Y así es. Pongan todas las excepciones que quieran poner –suele ser un recurso dialéctico el auge de las pandillas latinas–, pero sean sinceros y hagan un ejercicio simple de aproximación a la realidad. Cuenten con cuántos hispanoamericanos se tropiezan o se relacionan en el día a día. A mi, entre el trabajo, el ocio y el vecindario, me salen casi medio centenar, aunque, tal vez, porque frecuento un par de bares, «El Ratito» y la «Cocinita de Zoe», cerca de LA RAZON, en que el personal, incluso uno de los dueños, ha llegado de la otra orilla del Atlántico y nos hace la vida fácil y amable. El truco consiste en no dejar que nuestro idioma común nos separe. Que un «tinto» en Colombia es un café, y aquí es un vino.

Por lo general, cuando los hispanos aceptan que, en España, beber es obligatorio, pero emborracharse está muy mal visto y que una mesa llena de mujeres solas, que departen entre ellas, cerveza en mano, no es una zona libre de caza, se puede dar por conseguida la integración.
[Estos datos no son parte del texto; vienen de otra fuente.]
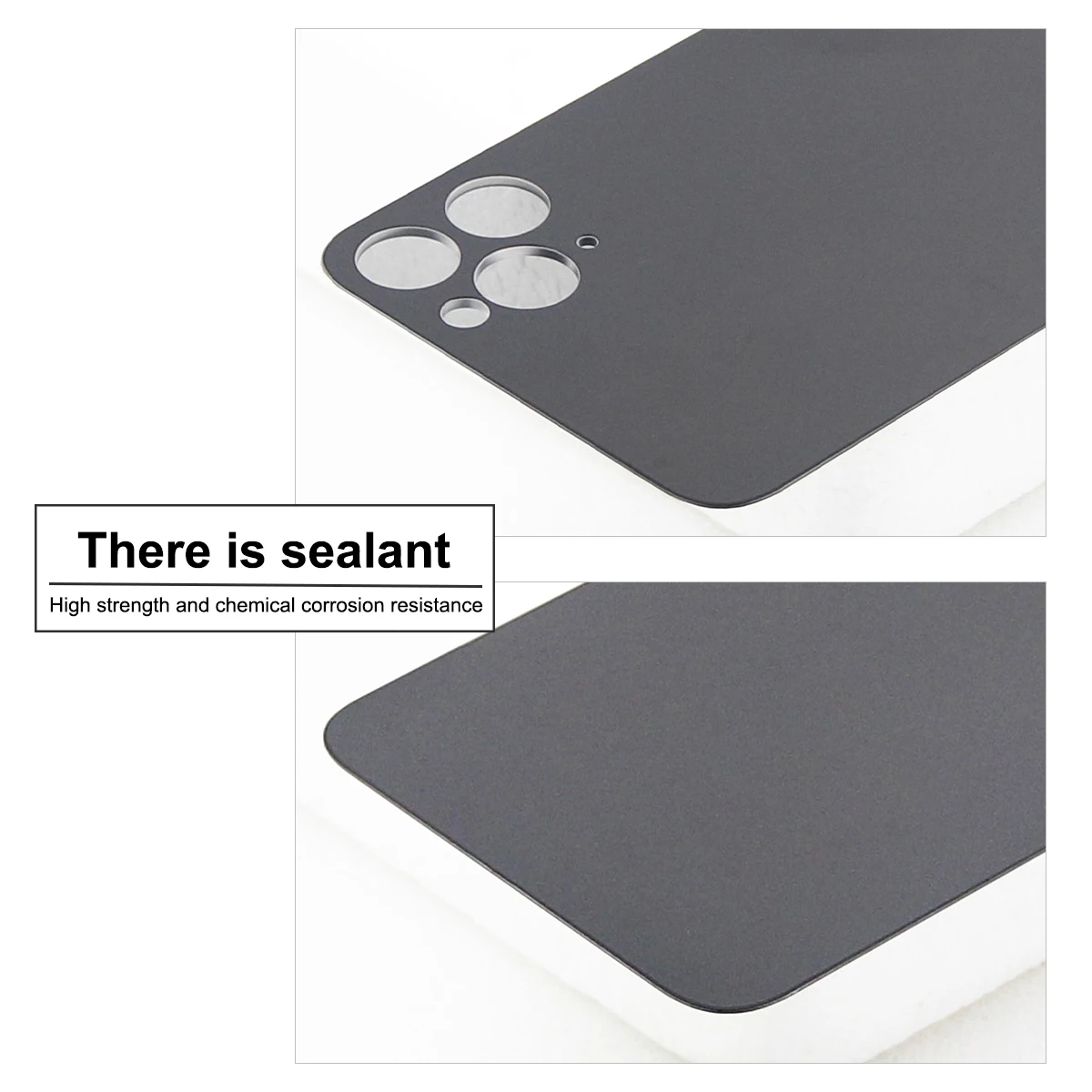 For iPhone 11 Pro Max Back Glass Panel Battery Cover Replacement Rear Housing Compatible with For iPhone 11 Pro image 4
La cuestión es que a los romanos les llevó siglos civilizarnos, pero hicieron un buen trabajo, como demuestra que ocho siglos de dominio musulmán no han dejado huella entre nosotros. También habíamos integrado en la romanidad a los visigodos, e hicimos lo mismo en América, con las leyes de Indias, sí; la religión, también, pero con el mestizaje como mejor herramienta, hasta que llegaron los aires «europeos» con los borbones, y los criollos, luego independientes, comenzaron a medirse la gradación de color de la piel y el tamaño de la nariz. Tropiezos en una historia de éxito que, a la postre, nos da grandes beneficios.
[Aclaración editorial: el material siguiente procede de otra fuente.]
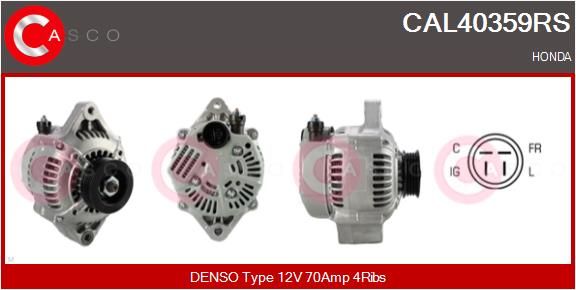 CAL40359RS CASCO Генератор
Están en su casa, como dice Ayuso, y ellos mismo deben convencerse de que es así. Nos aportan no sólo mano de obra barata y nos cubren servicios que los locales ya no quieren hacer. También conservan valores familiares que el occidente anglosajonizado está perdiendo, que es la semilla de su autodestrucción. Por eso, en materia migratoria, que cada palo aguante su vela. Ahora bien, hay que estudiar qué han hecho mal nuestros vecinos, esos que, ahora, sólo hablan en términos de «deportación» y «cierres de frontera», qué graciosos, para no repetir sus mismos errores. Lo primero, tal vez, lo único que funciona, es que todos los ciudadanos, extranjeros o no, cumplan las leyes. Todas las leyes. Desde las ordenanzas municipales hasta las normas que conforman nuestro ordenamiento jurídico general. Lo demás vendrá por añadidura.